Greg Clark MP: Why shouldn't cities bid for Work Programme contracts?
Greg Clark is Financial Secretary to the Treasury and MP for Tunbridge Wells. Follow Greg on Twitter.
While they’re still in office, it is the fate of most governments to get the least credit for their biggest achievements. That’s because, with few exceptions, the most important reforms that a government can undertake are those whose outcomes unfold over a long period of time.
For instance, the full impact of changes to the way that schools work can only be truly assessed after a generation of school children have passed through the reformed system. On the decentralisation agenda, we can already see pioneering local authorities and community groups making use of their new freedoms – but to fully reverse the effect of a century of centralisation will take years rather than months.
Welfare reform is another area in which fundamental changes are being made. As with our other major reforms, the legacy of the last Labour government could not be more unhelpful – years of neglect in the policy area itself and the disastrous fiscal context of record public debt. The state of our public finances mean that welfare reform, long overdue, is being pursued with the utmost urgency. In implementing key components like the Work Programme, speed is of the essence.
The primary contracts for delivering the Work Programme have been structured on a regional basis and have for the most part gone to large, private sector service providers such as A4E and Serco. Where they get people into work and provide value for the public purse, I have no absolutely no problem with the involvement of these businesses. However, I do understand the concerns of people who had hoped that there would be a greater role for a wider range of providers – such as those from the voluntary sector.

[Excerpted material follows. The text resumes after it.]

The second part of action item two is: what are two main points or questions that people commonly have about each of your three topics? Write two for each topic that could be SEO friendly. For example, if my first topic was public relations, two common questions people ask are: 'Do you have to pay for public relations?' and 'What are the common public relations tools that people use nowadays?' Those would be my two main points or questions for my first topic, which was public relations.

It is, of course, early days. Now that the Work Programme is underway and the stranglehold of the centralised state has been broken, new opportunities will present themselves. The public resources allocated to the programme are no longer under monopoly control. It is not good enough for a provider to be ‘good enough’ – they have to be the best or make way for someone who’s better.
Also, by learning from experience, the Government will be in a position to refine the way that contracts are structured and awarded. It is vital that competition takes place on a level playing field and that barriers to market entry are minimised.

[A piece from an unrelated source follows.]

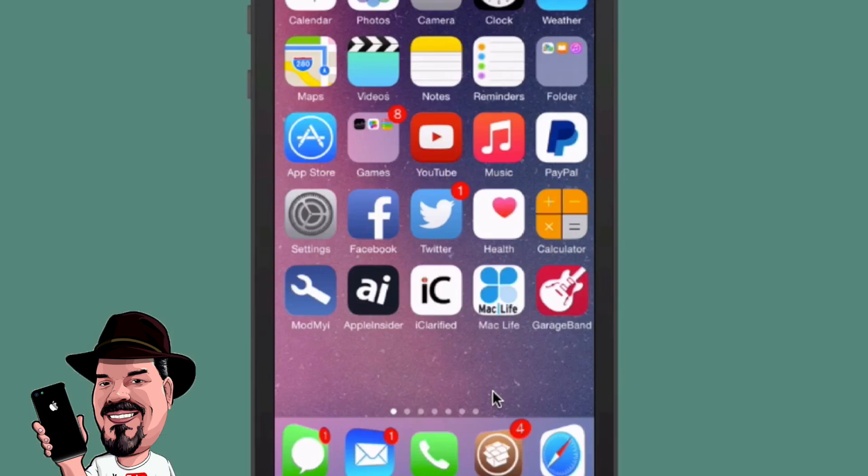Hey YouTube, it's Mitch at iPhoneCaptain.com. Today we're going to be discussing a few tweaks that are free that I think you guys should definitely check out, so let's get started.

Furthermore, it is my belief that potential service providers in any area of government policy should not have to wait for government action to allow them to participate. I think it is an important principle that if a potential service provider can show that they could do a better job than anyone else – then they should be able to make their case, regardless of artificial bureaucratic constraints imposed from on high.

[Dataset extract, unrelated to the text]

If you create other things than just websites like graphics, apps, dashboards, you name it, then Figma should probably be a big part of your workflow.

This ‘right of initiative’ is the foundation of the City Deals programme. For instance, in the Sheffield City Deal the Local Enterprise Partnership combined funding from local businesses and councils with existing government skills funding to create thousands of extra apprenticeships to meet local employer needs.
City Deals are the starting point not an end point for the way in which communities take control of their future development. The first of wave of City Deals agreed with Birmingham, Bristol, Leeds, Liverpool, Manchester, Newcastle, Nottingham and Sheffield, have demonstrated that these cities can bring together their local authorities, business leaders and community institutions through Local Enterprise Partnerships to undertake projects of major economic importance.
I see no reason why, either individually or in partnership with one another, these cities shouldn’t bid, on an equal basis to everyone else, for Work Programme contracts – even under their current regional structure.
Of course, not everyone will like the idea of entrepreneurially-minded partnerships of local councils and employers. There will be those who believe that national programmes should always be delivered by national public bodies. Equally, there will be others – representing particular corporate interests – who’d rather not have the competition.
However, when it comes to getting people into work and getting value for taxpayers, I’m sure that real Conservatives would like to see innovation and entrepreneurship coming from all directions.